Data records:
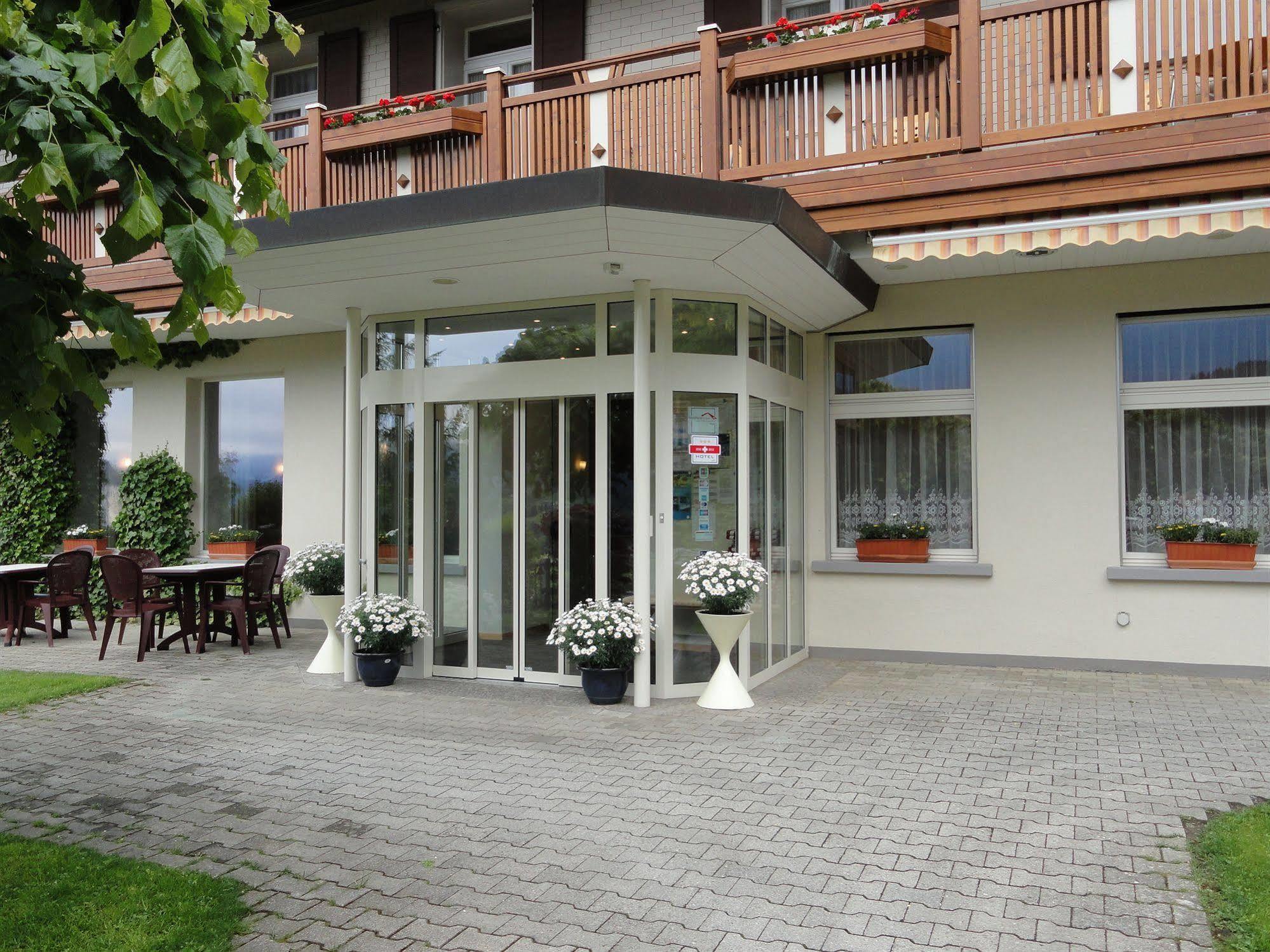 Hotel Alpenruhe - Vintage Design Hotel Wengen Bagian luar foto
* * *
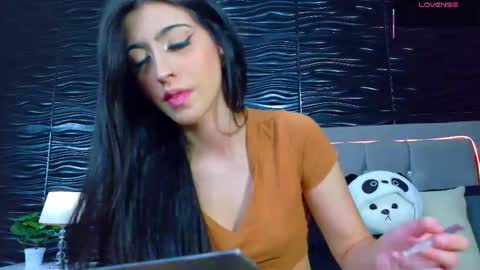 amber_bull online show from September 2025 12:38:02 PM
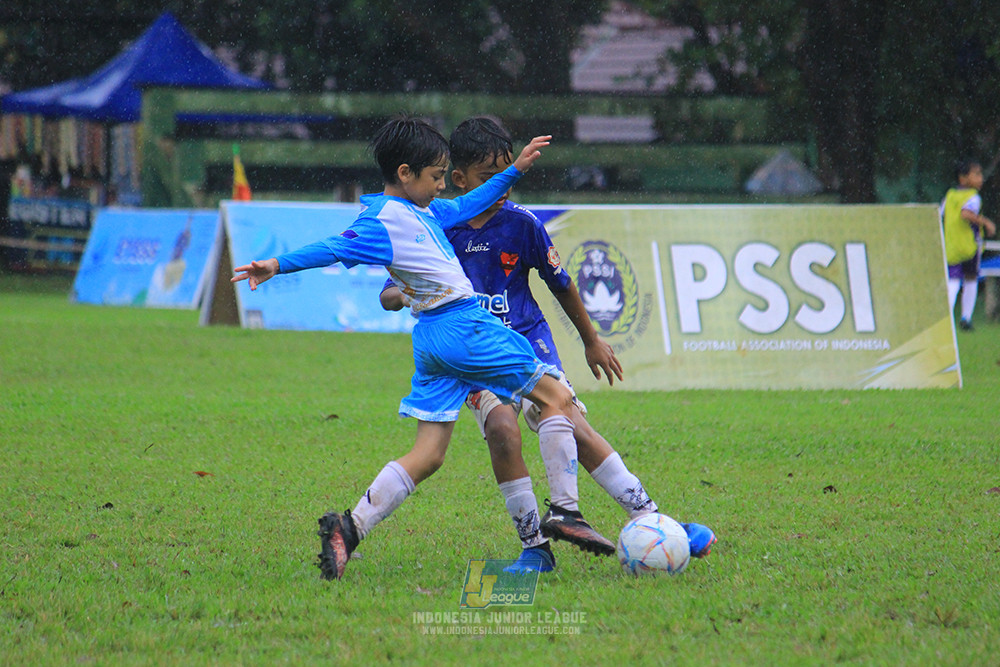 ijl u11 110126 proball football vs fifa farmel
==
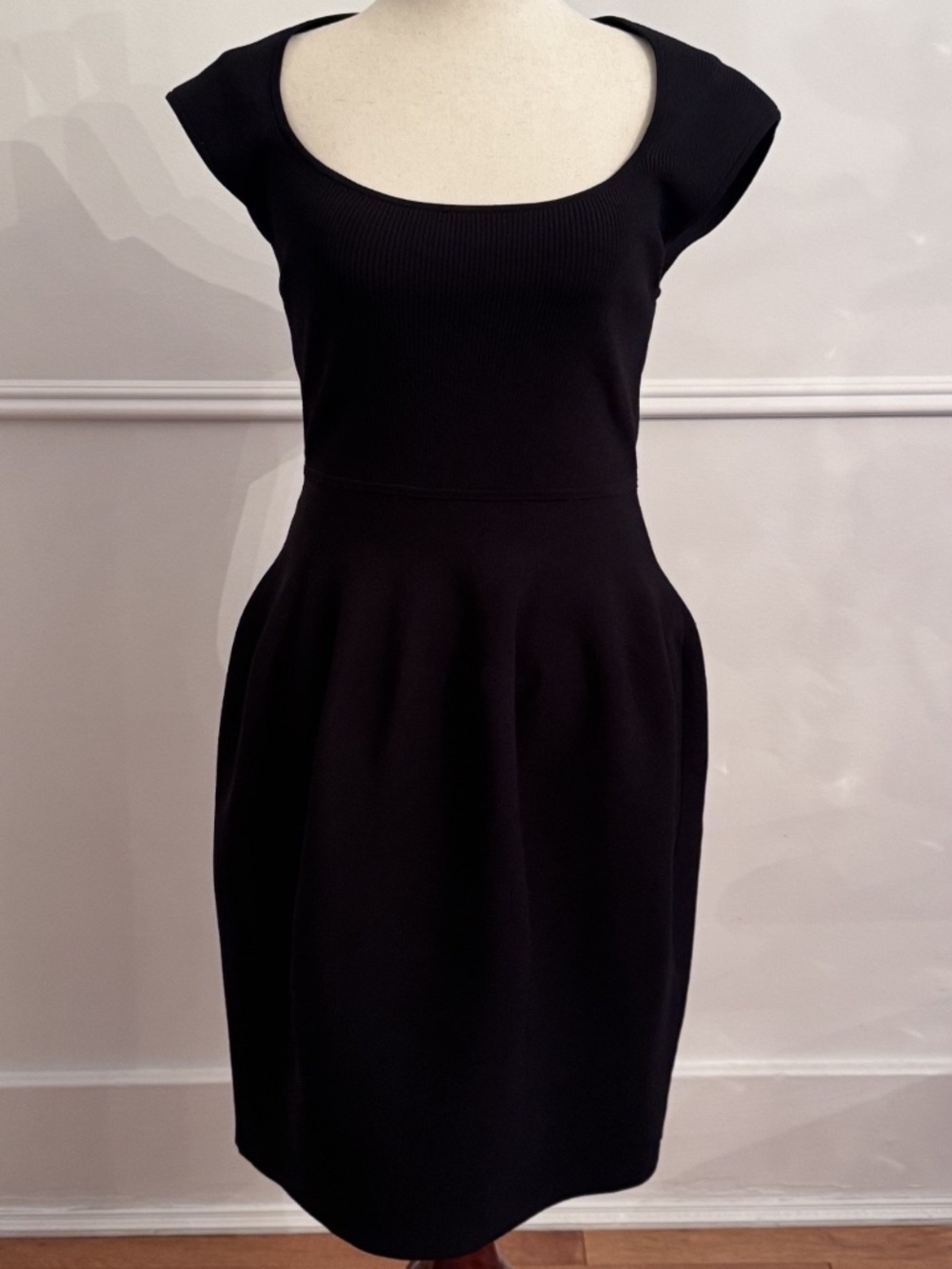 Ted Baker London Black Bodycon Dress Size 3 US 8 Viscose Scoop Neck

The task: Pictures aside, return exactly the lines from the data above, starting at the line that has "amber_bull online show" and ending at the line that has "ijl u11 110126", both included.

Reply:
 amber_bull online show from September 2025 12:38:02 PM
 ijl u11 110126 proball football vs fifa farmel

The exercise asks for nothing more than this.